MCP servers expose tools to AI clients, which turns each request into a machine identity decision. That creates risk when teams rely on broad client trust, persistent secrets, or prompt-based restrictions. The more dynamic the tool use, the more important it becomes to scope access at the server and not inside the model context.
Why This Matters for Security Teams
MCP servers are not just integration plumbing. They are policy chokepoints that can grant an AI client access to files, systems, tickets, code, and secrets. Once a model can invoke tools, the security question shifts from “Can the user see this?” to “Should this workload be allowed to act now, with this context, on this server?” That is why MCP changes nhi governance from static access review to runtime authorization. Current guidance from OWASP Agentic AI Top 10 and NIST Cybersecurity Framework 2.0 both point toward least privilege, continuous validation, and explicit accountability rather than trust by default. NHIMG research shows the risk is not theoretical: in the OWASP NHI Top 10, tool exposure and over-broad agent permissions are recurring failure patterns, and the Top 10 NHI Issues frames this as a governance problem, not just a configuration issue. In practice, many security teams encounter MCP abuse only after an agent has already used a legitimate tool path to overreach, rather than through intentional policy design.
How It Works in Practice
The risk comes from where the decision is made. If access is decided inside the model prompt or by broad client trust, the model can be manipulated into making calls that were never intended for that workload. Better practice is to treat the MCP server as the enforcement point and evaluate every tool request against workload identity, intent, and context at runtime. That means the agent should present a verifiable identity, receive just-in-time credentials, and be constrained by short-lived secrets that expire after the task completes. This is the operational difference between a human-style session and an autonomous workload that can chain actions faster than a manual review can react.
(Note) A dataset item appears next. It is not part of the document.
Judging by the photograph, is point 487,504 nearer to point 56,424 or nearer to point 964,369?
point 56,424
In mature designs, teams use RBAC as a baseline but do not stop there. They add policy-as-code, context-aware authorization, and server-side scoping so the MCP server only exposes the minimum tool set required for that specific task. The Ultimate Guide to NHIs — Lifecycle Processes for Managing NHIs is useful here because MCP tools should follow the same lifecycle discipline as other NHIs: issue, scope, monitor, revoke. For implementation, the OWASP Top 10 for Agentic Applications 2026 and NIST Cybersecurity Framework 2.0 both support the same pattern: continuous authorization, bounded permissions, and monitoring that assumes tool misuse will happen. A practical control stack is:
- bind each agent to a workload identity, not a shared service account;
- issue JIT credentials per tool session, with short TTLs;
- scope tools on the MCP server, not in the prompt;
- log each request with intent, identity, and resource context;
- revoke access automatically when the task is complete.
This guidance tends to break down in legacy environments where MCP servers inherit broad API tokens, shared secrets, or flat network trust because the server cannot enforce per-request policy without redesigning the identity layer.
Common Variations and Edge Cases
Tighter tool scoping often increases operational overhead, requiring organisations to balance security against developer velocity and agent reliability. That tradeoff is real, especially where teams want fast iteration across many tools or where multiple agents share the same MCP server. Best practice is evolving, and there is no universal standard for this yet, but the direction is clear: separate high-risk tools, require explicit approval for privileged actions, and keep long-lived credentials out of the server entirely.
The biggest edge case is the “helpful agent” pattern, where a client starts with narrow intent and then expands into adjacent actions because the model can infer a broader path. That is why prompt-based restrictions fail: they describe desired behaviour, but they do not enforce it. Another edge case is delegated automation in which a human approves the first step and the agent then continues autonomously. In that model, the approval boundary must be translated into cryptographic and policy boundaries, not just UI confirmation. NHIMG’s 52 NHI Breaches Analysis and Analysis of Claude Code Security both reinforce the same lesson: once autonomous tooling can reach production systems, governance must move from trust assumptions to enforced identity, short-lived access, and server-side control. In high-entropy environments, such as multi-agent workflows with shared connectors and nested tool calls, these controls become harder to maintain because each layer can amplify privilege before policy catches up.
Standards & Framework Alignment
This section maps relevant standards and security frameworks to the operational risks and controls described in this guidance.
OWASP Agentic AI Top 10 and CSA MAESTRO address the attack and risk surface, while NIST AI RMF set the governance and control requirements practitioners need to meet.
| Framework | Control / Reference | Relevance |
|---|---|---|
| OWASP Agentic AI Top 10 | A2 | Tool abuse and over-broad agent permissions are core MCP risks. |
| CSA MAESTRO | MAESTRO covers governance for autonomous agent workflows and tool use. | |
| NIST AI RMF | AI RMF addresses accountability and runtime risk in autonomous systems. |
Assign ownership, monitor outcomes, and review agent behavior under an AI risk process.